I can assure you that the people of Brooklyn, in particular the Borough Park section, are very upset with Congressman Nadler’s dream. Indeed they are as upset with him as the people in Queens are with Congressman Anthony Weiner, another tunnel advocate.
Congressman Weiner’s attitude toward his constituents anti–tunnel stance is rooted in the fact that even in his college days at SUNY- Plattsburgh he failed to do his homework. Dr. Stephen Steinlight noted in a July 23, 2004 article that he wrote for FrontPageMagizne.com that he somehow managed to get him through the English Composition course that he had previously flunked. But, when he visited the junior congressman in Washington he spoke disparagingly about things “academic”- such as reading books and thinking abstractly – he lavishly praised himself for having honed a for more greater source of wisdom. (He imagines his ”street smarts” equal to Dirty Harry’s.)

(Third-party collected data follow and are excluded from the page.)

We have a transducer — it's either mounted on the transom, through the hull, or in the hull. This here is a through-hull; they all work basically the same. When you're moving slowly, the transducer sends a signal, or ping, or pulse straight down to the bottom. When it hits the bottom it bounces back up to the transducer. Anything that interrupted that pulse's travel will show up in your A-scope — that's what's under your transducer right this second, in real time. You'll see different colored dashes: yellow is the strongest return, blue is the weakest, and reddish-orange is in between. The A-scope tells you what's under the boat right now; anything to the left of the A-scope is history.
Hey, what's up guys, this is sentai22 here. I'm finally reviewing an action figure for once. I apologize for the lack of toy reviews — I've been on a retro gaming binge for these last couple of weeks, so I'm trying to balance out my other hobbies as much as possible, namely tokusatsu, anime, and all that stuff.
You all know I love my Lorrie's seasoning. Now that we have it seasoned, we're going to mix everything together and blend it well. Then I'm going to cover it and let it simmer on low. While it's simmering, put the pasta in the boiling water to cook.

Congressman Weiner’s poor study habits and failure to do the necessary research to understand that the “Tunnel” would not solve the truck traffic problem but only jeopardize the well being of many neighborhoods in his congressional district underscores the evaluation made by Dr. Steinlight of Congressman Weiner – an intellectually slovenly, arrogant know-nothing. Now! He has the crust to throw his hat in the ring for Mayor of the City of New York.

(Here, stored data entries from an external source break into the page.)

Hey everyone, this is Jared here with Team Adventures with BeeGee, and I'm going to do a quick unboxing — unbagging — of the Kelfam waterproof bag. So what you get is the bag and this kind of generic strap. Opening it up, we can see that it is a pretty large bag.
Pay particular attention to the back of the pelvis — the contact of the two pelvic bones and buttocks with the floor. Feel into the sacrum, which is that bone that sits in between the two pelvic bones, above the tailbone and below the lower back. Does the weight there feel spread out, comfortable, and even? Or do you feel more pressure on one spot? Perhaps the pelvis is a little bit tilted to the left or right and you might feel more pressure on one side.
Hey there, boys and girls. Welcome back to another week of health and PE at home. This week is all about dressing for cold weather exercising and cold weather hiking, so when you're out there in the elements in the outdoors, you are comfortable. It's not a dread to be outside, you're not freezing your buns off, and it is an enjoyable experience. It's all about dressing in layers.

Mayor Bloomberg was graduated from Harvard with an MBA – he always did his homework. Mayor Bloomberg studied the Cross Harbor Rail Freight Tunnel project from the social and business aspect that is why he realized it did not make sense and should not be done. Congressman Weiner is only looking at the political aspect and singing the Nadler Song – “How Can I Waste the Taxpayers’ Money?”